For parameters which expect one or more expressions, a list of expressions is expected, e.g.

`order = vars(AVISIT, desc(AESEV))`

## Handling of Missing Values

When using the haven package to read SAS datasets into R, SAS-style character missing values, i.e. `""`

, are *not* converted into proper R `NA`

values. Rather they are kept as is. This is problematic for any downstream data processing as R handles `""`

just as any other string. Thus, before any data manipulation is being performed SAS blanks should be converted to R `NA`

s using admiral’s `convert_blanks_to_na()`

function, e.g.

```
dm <- haven::read_sas("dm.sas7bdat") %>%
convert_blanks_to_na()
```

Note that any logical operator being applied to an `NA`

value *always* returns `NA`

rather than `TRUE`

or `FALSE`

.

```
visits <- c("Baseline", NA, "Screening", "Week 1 Day 7")
visits != "Baseline"
#> [1] FALSE NA TRUE TRUE
```

The only exception is `is.na()`

which returns `TRUE`

if the input is `NA`

.

```
is.na(visits)
#> [1] FALSE TRUE FALSE FALSE
```

Thus, to filter all visits which are not `"Baseline"`

the following condition would need to be used.

```
visits != "Baseline" | is.na(visits)
#> [1] FALSE TRUE TRUE TRUE
```

Also note that most aggregation functions, like `mean()`

or `max()`

, also return `NA`

if any element of the input vector is missing.

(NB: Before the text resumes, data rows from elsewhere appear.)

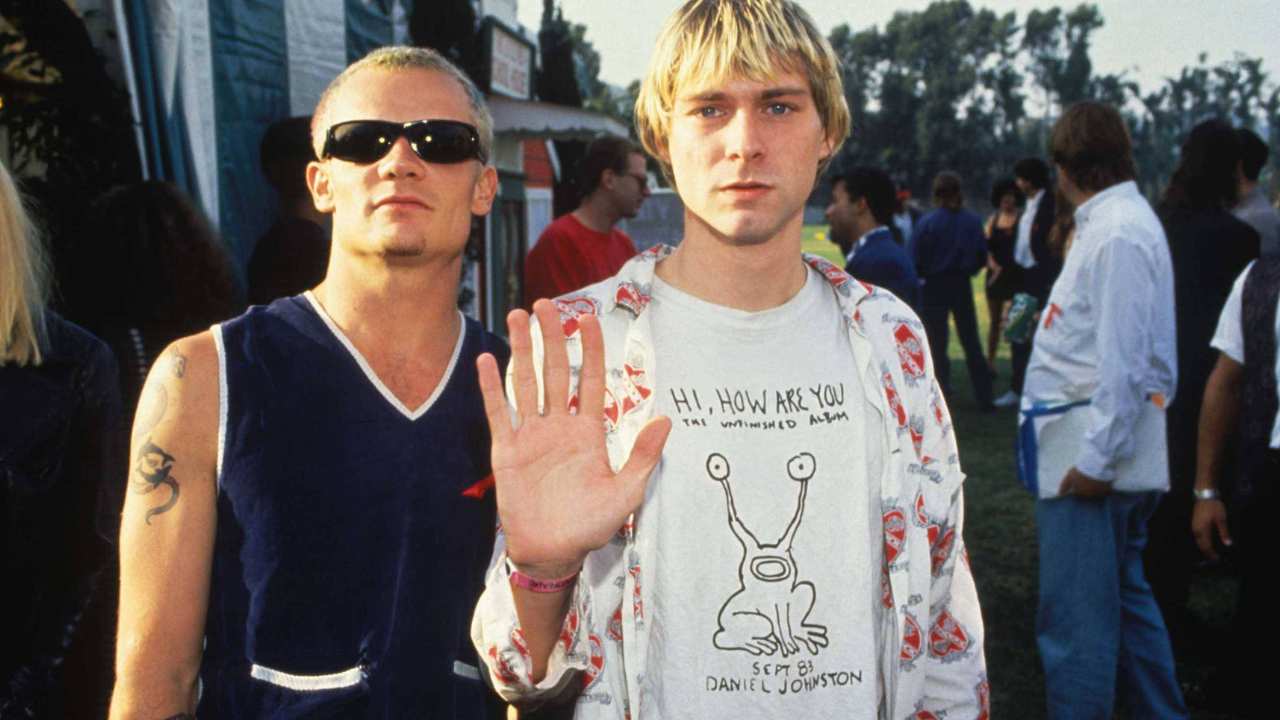 Flea with Kurt Cobain in a Daniel t-shirt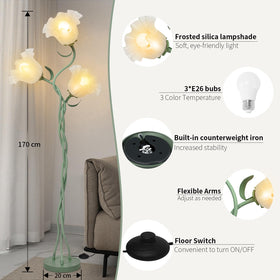 Fuzzbopn Flower Floor Lamp weighted base enhances stability around children and pets.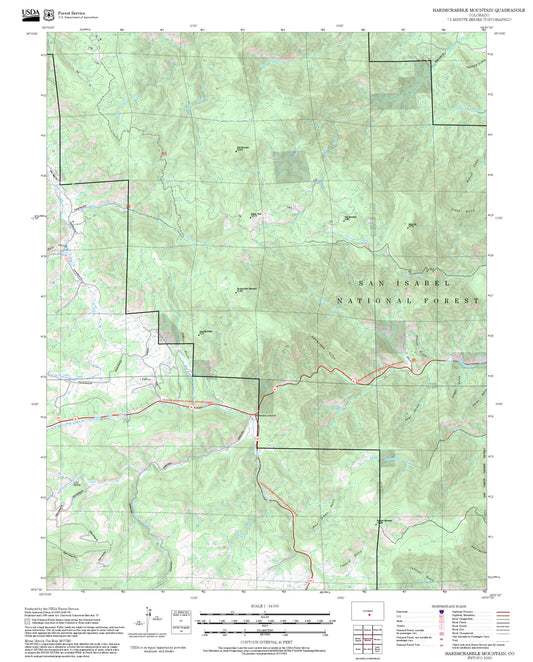 2025 Forest Service Topo Map of Hardscrabble Mountain Colorado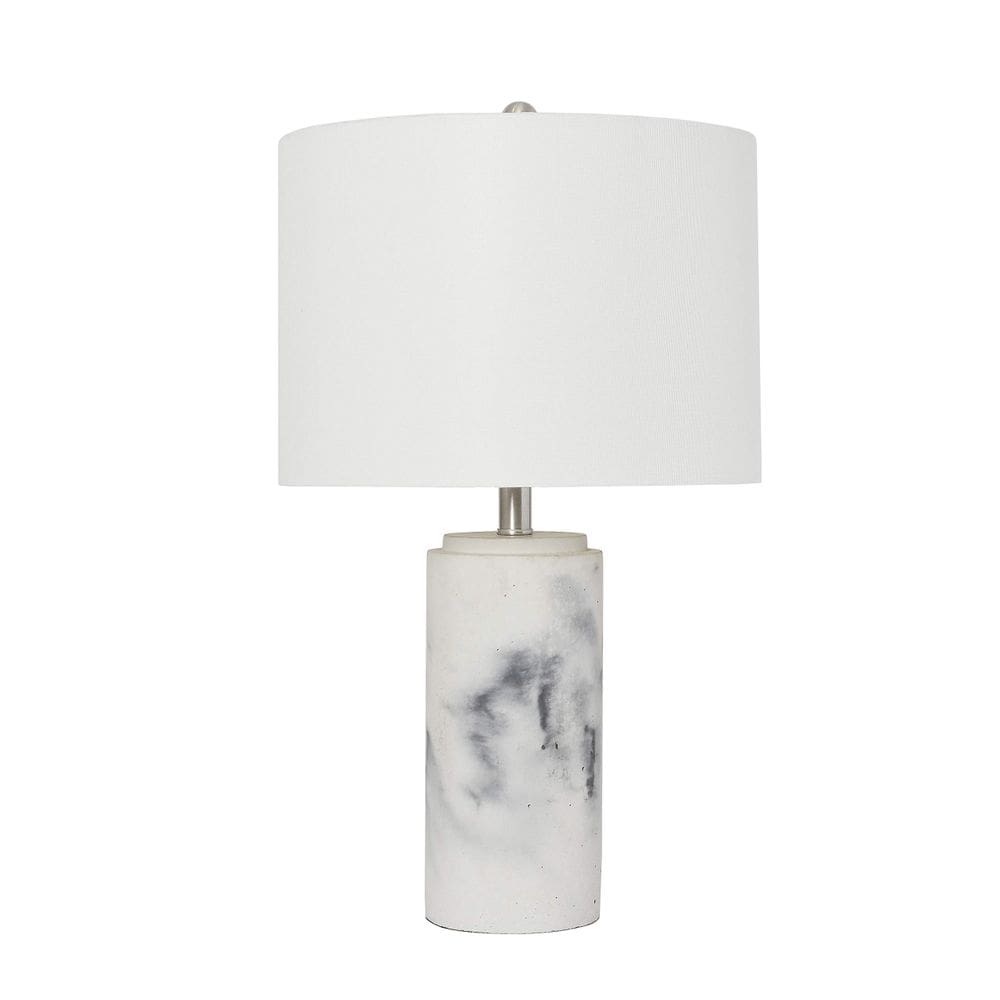 Abajur de tecido com base em mármore Lamp Elegant Designs LT3325-WHT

To avoid this behavior one has to explicitly set `na.rm = TRUE`

.

This is very important to keep in mind when using admiral’s aggregation functions such as `derive_summary_records()`

.

## Validation

All functions are reviewed and tested to ensure that they work as described in the documentation. They are **not validated** yet.

Although admiral follows CDISC standards, it does not claim that the dataset resulting from calling admiral functions is ADaM compliant. This has to be ensured by the user.

## Starting a Script

For the ADaM data structures, an overview of the flow and example function calls for the most common steps are provided by the following vignettes:

admiral also provides template R scripts as a starting point. They can be created by calling `use_ad_template()`

, e.g.,

```
use_ad_template(
adam_name = "adsl",
save_path = "./ad_adsl.R"
)
```

A list of all available templates can be obtained by `list_all_templates()`

:

```
list_all_templates()
#> Existing ADaM templates in package 'admiral':
#> • ADAE
#> • ADCM
#> • ADEG
#> • ADEX
#> • ADLB
#> • ADMH
#> • ADPP
#> • ADSL
#> • ADVS
```

## Support

Support is provided via the admiral Slack channel.